Task requirements =>
Set down exact lines only, from the line with "Hello, and welcome" through the last line of the material below, with every picture left out.

Listed records =>
■ ■ ■ ■ ■
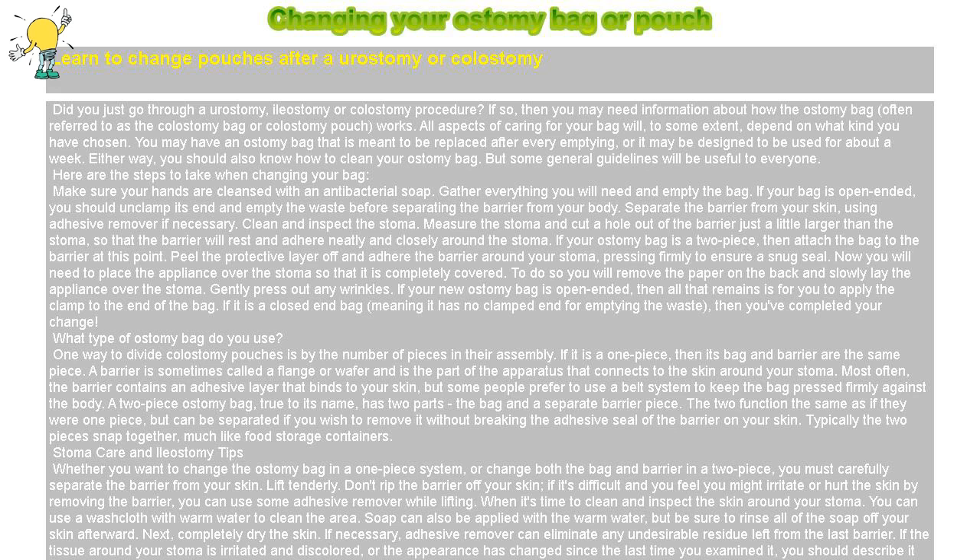All aspects of caring for your bag will, to some extent, depend on what kind you have chosen. You may have an ostomy bag that is meant to be replaced after every emptying, or it may be designed to be used for about a week. Either way, you should also know how to clean your ostomy bag. But some general guidelines will be useful to everyone. Here are the steps to take when changing your bag.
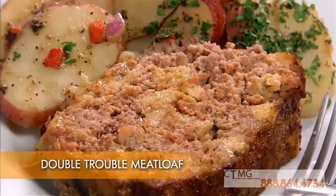Double trouble meatloaf. The reason I call it double trouble is it doesn't only have beef, but we add bacon, which gives it some fat, some moisture, some happiness — all the things that you're looking for in meatloaf.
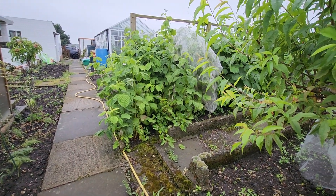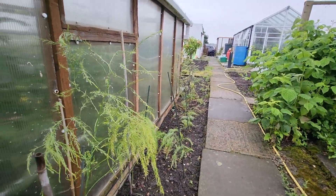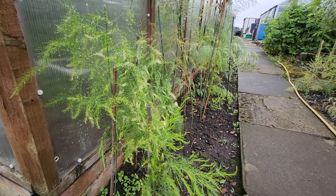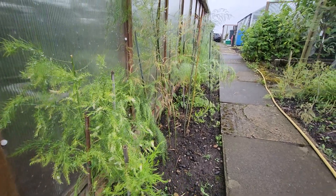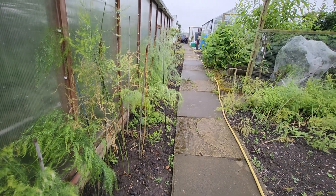Everything else has grown well. Strange how it's grown better down the rear of the greenhouse near the top.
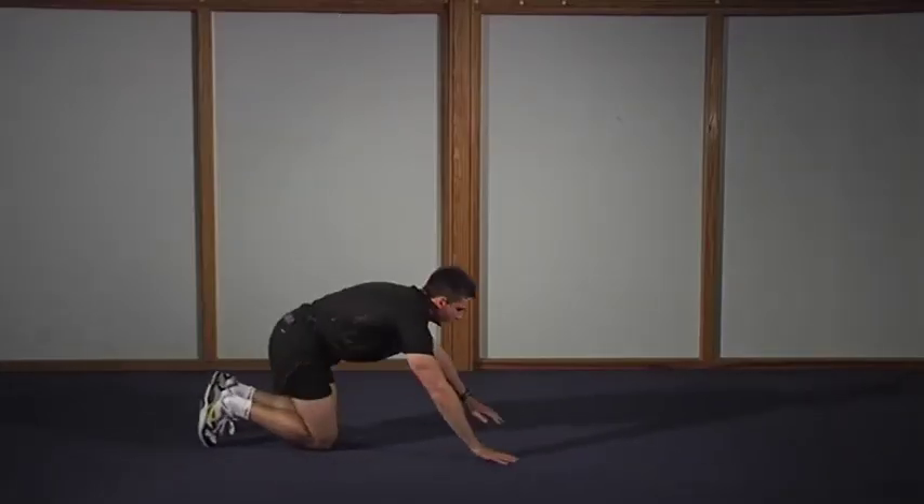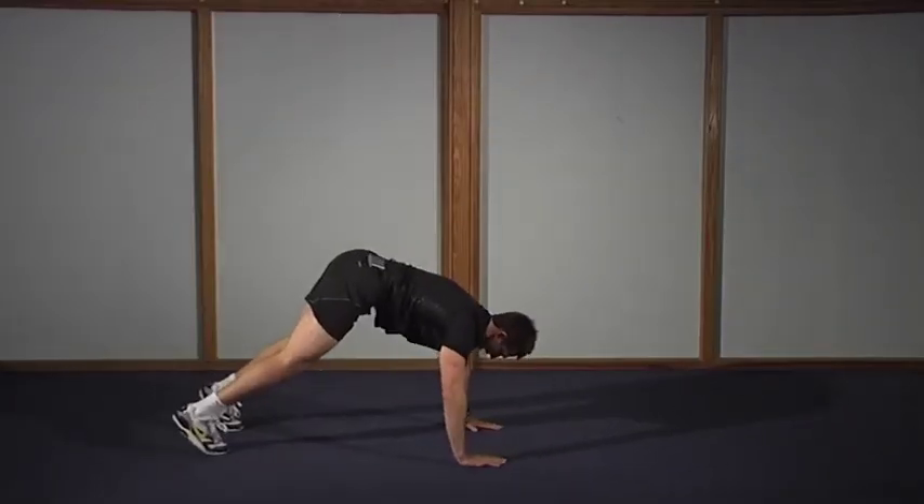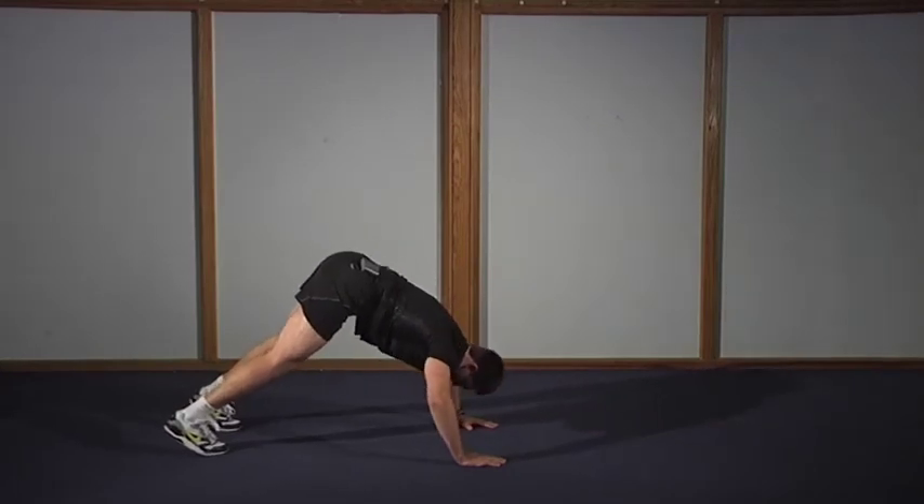I'm going to show you sideways on. You come up into like a V and then just down.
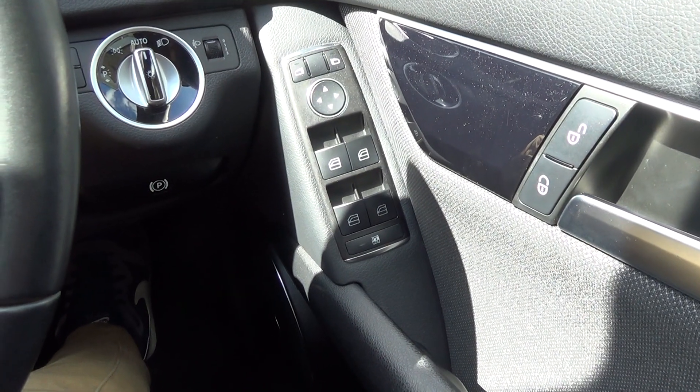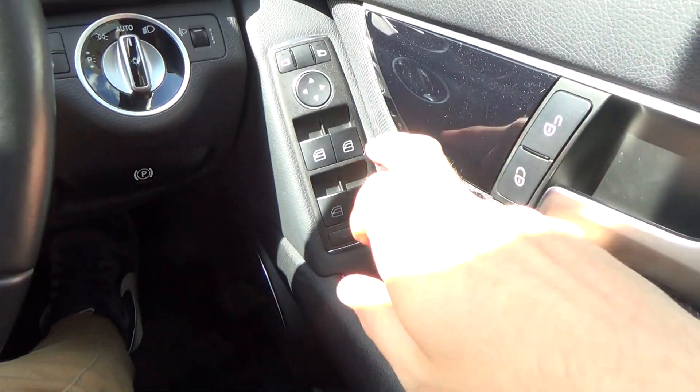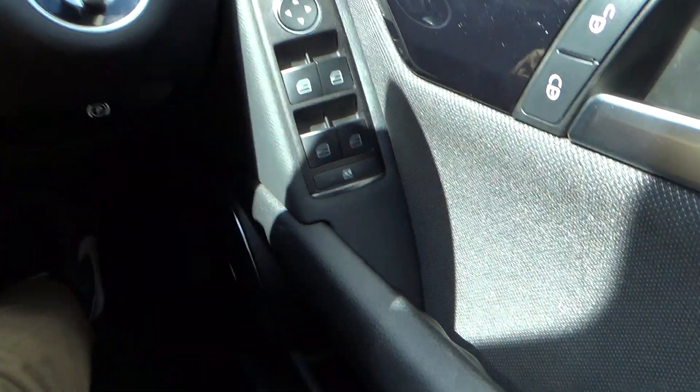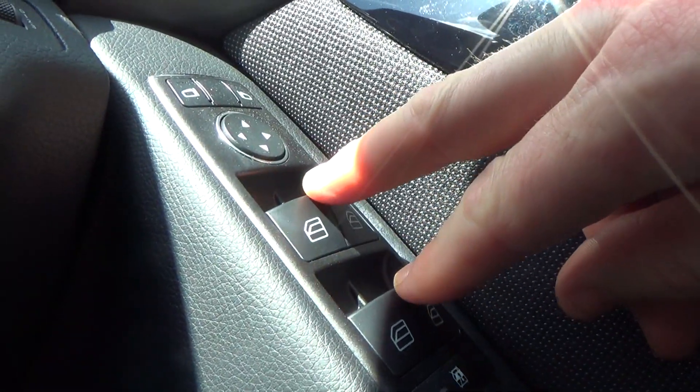You can actually put all the windows down in one go using just two fingers, by positioning one finger in between the top two buttons and the other finger in between the bottom two buttons. If you just lower this down here, you'll be able to see — if you just do that, then all the windows will go down.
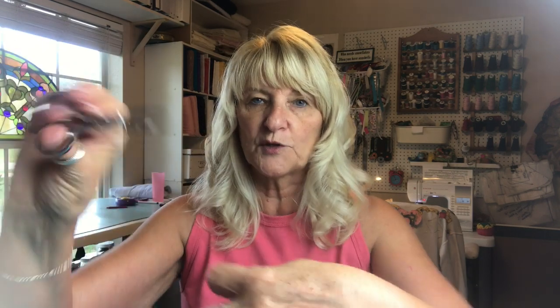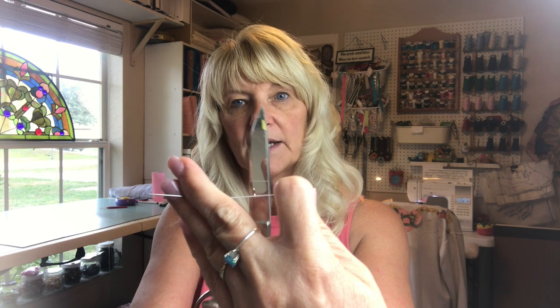This helps me so much not just when I do hand sewing, but when I'm threading my serger — anytime I have to thread anything through an eye, I always now cut my thread at an angle. These are embroidery scissors, by the way. Don't cut it this way — cut it this way. Makes such a difference, so much easier.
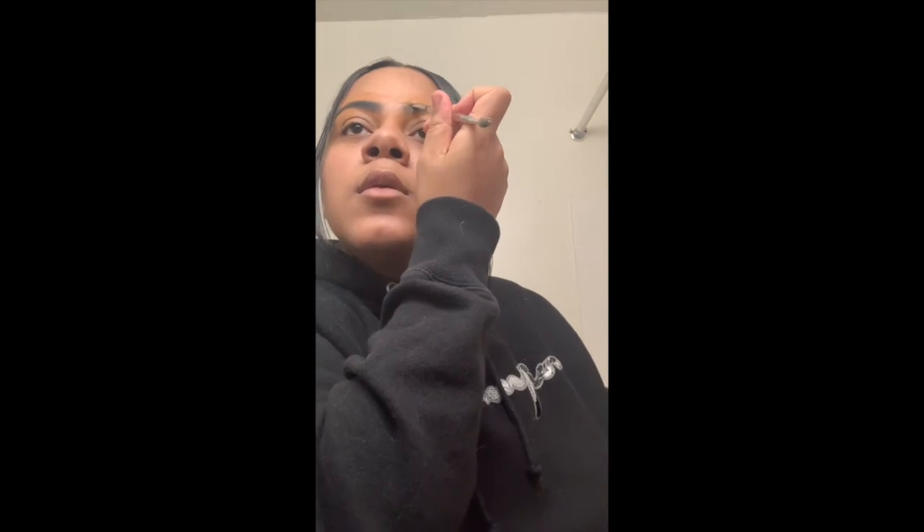I'm just doing the bottom of my eyebrow — like I said, if you mess up with concealer use the dip brow, and if you mess up with the dip brow use the concealer. Then I'm just going to blend that in with my blending brush.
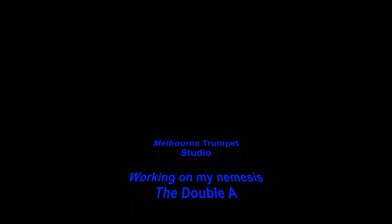Welcome back to the Melbourne Trumpet Studio. This is a clip where I'm experimenting with a couple of alternate fingerings for the double A. This is a note that sits right on my break and it's a real challenge for me to slot. In case you're interested, I'm on a Bach 37 with a 3C mouthpiece from Trent Austin's Austin Custom Brass.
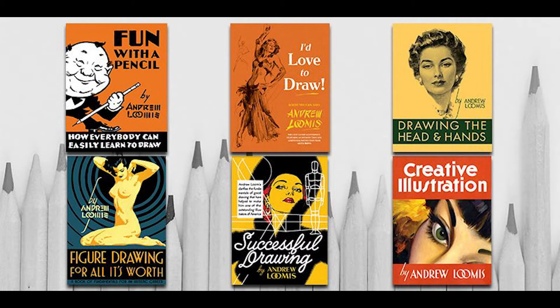For honorable mentions — books I have to mention but didn't make the top 10. Books like Andrew Loomis I could have mentioned because they're foundational, but those books are so ubiquitous in the art community. The PDF circulated to pretty much everybody back in the early 2000s, so while they're probably some of the best foundation art books, they're just everywhere. Definitely check those out.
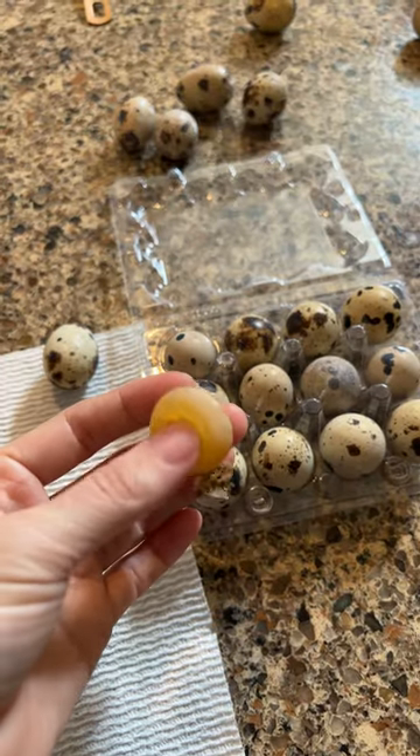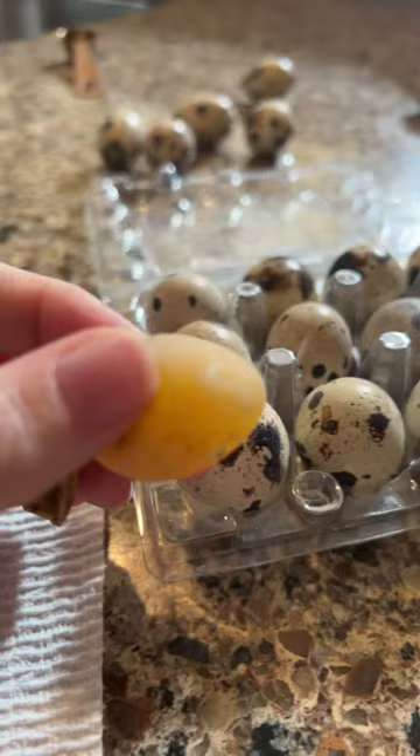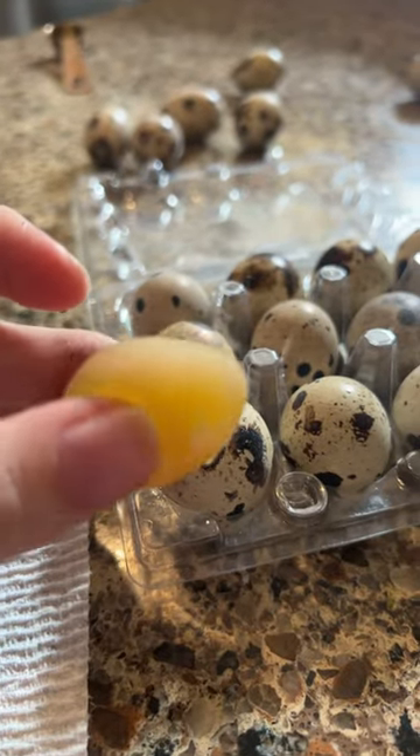This could be a sign of a bird that's too young to lay, illness, not enough calcium, or too much salt. I'll monitor the flock to make sure it's a one-off and not an illness.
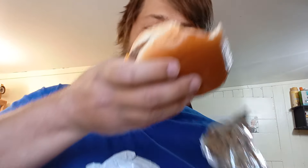It's a little messy. Patty is pretty big. A little messy. Not bad. It tastes like a David's burger or something like that. Not bad. 8 out of 10. I like it.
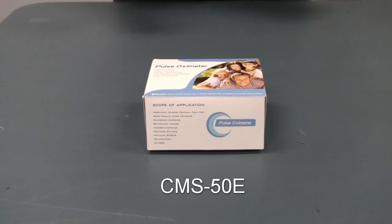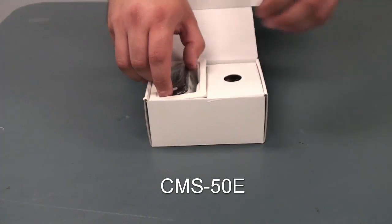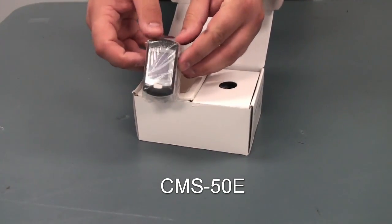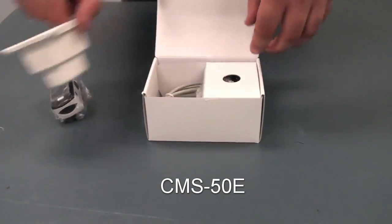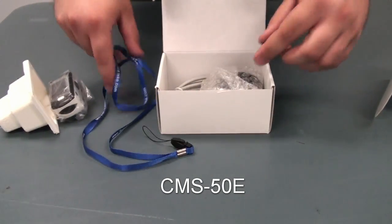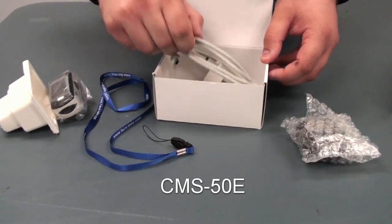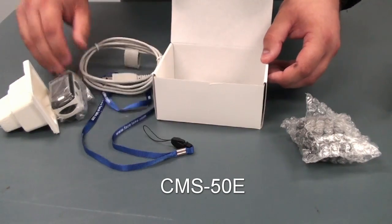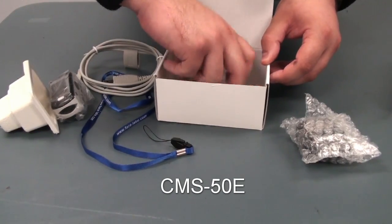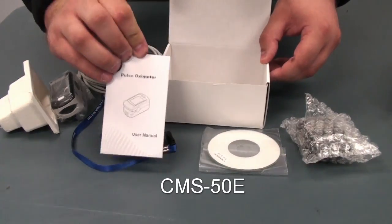Hello, and welcome to the unboxing and short tutorial for our CMS50E model. Inside the box, you will receive the device itself, a lanyard, a charger, a transfer cable, a software disk, and manual.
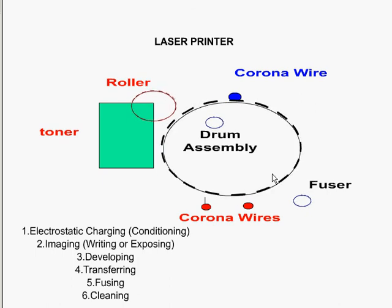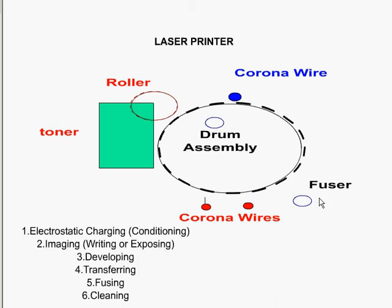To quickly recap the process: the paper comes in, the drum is cleaned off, and then it goes through the corona wire. A laser transfers the image electrically onto the drum. The roller gets ink from the toner and passes it onto the drum. The drum moves around, the paper comes in and gets magnetically charged, and the ink transfers from the drum onto the paper. It then goes to the fuser where it's fused together, producing your final copy of the document.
■ ■ ■ ■ ■
Output =>
Hello, and welcome to the unboxing and short tutorial for our CMS50E model. Inside the box, you will receive the device itself, a lanyard, a charger, a transfer cable, a software disk, and manual.
To quickly recap the process: the paper comes in, the drum is cleaned off, and then it goes through the corona wire. A laser transfers the image electrically onto the drum. The roller gets ink from the toner and passes it onto the drum. The drum moves around, the paper comes in and gets magnetically charged, and the ink transfers from the drum onto the paper. It then goes to the fuser where it's fused together, producing your final copy of the document.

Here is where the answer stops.